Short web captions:
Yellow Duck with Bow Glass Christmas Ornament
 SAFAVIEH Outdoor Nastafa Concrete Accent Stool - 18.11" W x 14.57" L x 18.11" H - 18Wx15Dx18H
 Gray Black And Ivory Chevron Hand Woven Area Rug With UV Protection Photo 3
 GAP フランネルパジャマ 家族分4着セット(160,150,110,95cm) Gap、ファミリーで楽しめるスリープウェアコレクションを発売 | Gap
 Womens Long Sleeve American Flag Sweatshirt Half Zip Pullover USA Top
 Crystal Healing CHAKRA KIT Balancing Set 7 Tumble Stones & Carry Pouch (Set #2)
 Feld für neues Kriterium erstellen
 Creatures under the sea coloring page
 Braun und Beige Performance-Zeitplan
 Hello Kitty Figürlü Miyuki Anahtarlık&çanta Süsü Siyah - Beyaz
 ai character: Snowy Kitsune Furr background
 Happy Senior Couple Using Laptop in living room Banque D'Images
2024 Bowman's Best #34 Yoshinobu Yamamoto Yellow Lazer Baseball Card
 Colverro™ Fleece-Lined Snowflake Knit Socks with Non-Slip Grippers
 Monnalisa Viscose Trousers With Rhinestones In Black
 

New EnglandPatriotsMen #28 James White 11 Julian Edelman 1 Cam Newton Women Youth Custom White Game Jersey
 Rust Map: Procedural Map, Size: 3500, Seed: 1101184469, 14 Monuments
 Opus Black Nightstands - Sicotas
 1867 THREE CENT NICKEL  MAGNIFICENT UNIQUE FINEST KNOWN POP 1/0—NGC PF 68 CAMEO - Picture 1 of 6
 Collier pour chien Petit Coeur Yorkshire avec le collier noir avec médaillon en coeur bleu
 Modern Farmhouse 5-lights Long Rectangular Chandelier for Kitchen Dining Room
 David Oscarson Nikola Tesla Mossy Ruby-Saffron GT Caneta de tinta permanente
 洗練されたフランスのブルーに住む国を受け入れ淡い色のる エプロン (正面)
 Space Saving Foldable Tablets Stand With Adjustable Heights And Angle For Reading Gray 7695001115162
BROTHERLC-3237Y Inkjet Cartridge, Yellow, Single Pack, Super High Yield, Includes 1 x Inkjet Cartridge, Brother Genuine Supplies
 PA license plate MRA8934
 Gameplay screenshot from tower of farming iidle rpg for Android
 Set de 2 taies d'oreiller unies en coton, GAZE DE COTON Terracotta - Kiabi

*WORK REQUIRED:* Transcribe all the entries, keeping each one exactly as it is.

*EXERCISE RESULT:*
Yellow Duck with Bow Glass Christmas Ornament
 SAFAVIEH Outdoor Nastafa Concrete Accent Stool - 18.11" W x 14.57" L x 18.11" H - 18Wx15Dx18H
 Gray Black And Ivory Chevron Hand Woven Area Rug With UV Protection Photo 3
 GAP フランネルパジャマ 家族分4着セット(160,150,110,95cm) Gap、ファミリーで楽しめるスリープウェアコレクションを発売 | Gap
 Womens Long Sleeve American Flag Sweatshirt Half Zip Pullover USA Top
 Crystal Healing CHAKRA KIT Balancing Set 7 Tumble Stones & Carry Pouch (Set #2)
 Feld für neues Kriterium erstellen
 Creatures under the sea coloring page
 Braun und Beige Performance-Zeitplan
 Hello Kitty Figürlü Miyuki Anahtarlık&çanta Süsü Siyah - Beyaz
 ai character: Snowy Kitsune Furr background
 Happy Senior Couple Using Laptop in living room Banque D'Images
2024 Bowman's Best #34 Yoshinobu Yamamoto Yellow Lazer Baseball Card
 Colverro™ Fleece-Lined Snowflake Knit Socks with Non-Slip Grippers
 Monnalisa Viscose Trousers With Rhinestones In Black
 

New EnglandPatriotsMen #28 James White 11 Julian Edelman 1 Cam Newton Women Youth Custom White Game Jersey
 Rust Map: Procedural Map, Size: 3500, Seed: 1101184469, 14 Monuments
 Opus Black Nightstands - Sicotas
 1867 THREE CENT NICKEL  MAGNIFICENT UNIQUE FINEST KNOWN POP 1/0—NGC PF 68 CAMEO - Picture 1 of 6
 Collier pour chien Petit Coeur Yorkshire avec le collier noir avec médaillon en coeur bleu
 Modern Farmhouse 5-lights Long Rectangular Chandelier for Kitchen Dining Room
 David Oscarson Nikola Tesla Mossy Ruby-Saffron GT Caneta de tinta permanente
 洗練されたフランスのブルーに住む国を受け入れ淡い色のる エプロン (正面)
 Space Saving Foldable Tablets Stand With Adjustable Heights And Angle For Reading Gray 7695001115162
BROTHERLC-3237Y Inkjet Cartridge, Yellow, Single Pack, Super High Yield, Includes 1 x Inkjet Cartridge, Brother Genuine Supplies
 PA license plate MRA8934
 Gameplay screenshot from tower of farming iidle rpg for Android
 Set de 2 taies d'oreiller unies en coton, GAZE DE COTON Terracotta - Kiabi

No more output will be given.